Mandela undergoes regular hospital checkups, but his latest visit starting Wednesday stretched into an unusually long stay. Journalists camped outside the hospital Thursday as Mandela's relatives and friends entered for visits. President Jacob Zuma, attending the World Economic Forum annual meeting in Davos, Switzerland, is being updated on developments by the defense minister, whose department is responsible for current and former presidents' health care, Zuma's office said.
The presidency cautioned reporters not to put pressure on Mandela's doctors and to give "a national hero" dignity and respect.
Children at a school next door to Milpark Hospital made cards and posters wishing Mandela well and put them up on the school grounds Thursday. Head teacher Nicky Humphries said students and teachers prayed for South Africa's most famous and beloved citizen before classes started.
Zuma's office said Mandela "is comfortable and is well looked after by a good team of medical specialists."
Mandela's office has released only a brief statement, saying on Wednesday the hospital visit is for routine tests and that Mandela is in "no danger and is in good spirits." His spokesman did not return calls seeking more information.
The White House said President Barack Obama and first lady Michelle Obama's thoughts and prayers are with Mandela.
Mandela was jailed for 27 years for his fight against apartheid.
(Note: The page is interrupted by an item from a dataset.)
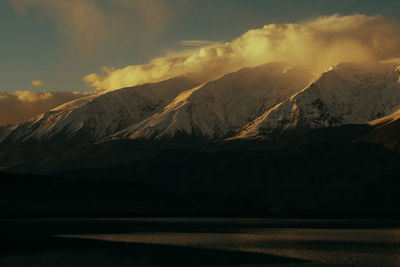 Scenic view of snowcapped mountains against sky during sunset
He became South Africa's first black president in 1994 and stepped down after serving one term in 1999. He largely retired from public life in 2004.
The public has seen only glimpses of him recently, such as in November, when his office released photos of a private meeting between Mandela and members of the U.S. and South African soccer teams. The teams had just played a match in his honor. He also appeared at the closing ceremony of the World Cup in July, waving to the crowd as he was driven in a small golf cart alongside his wife, Graca Machel.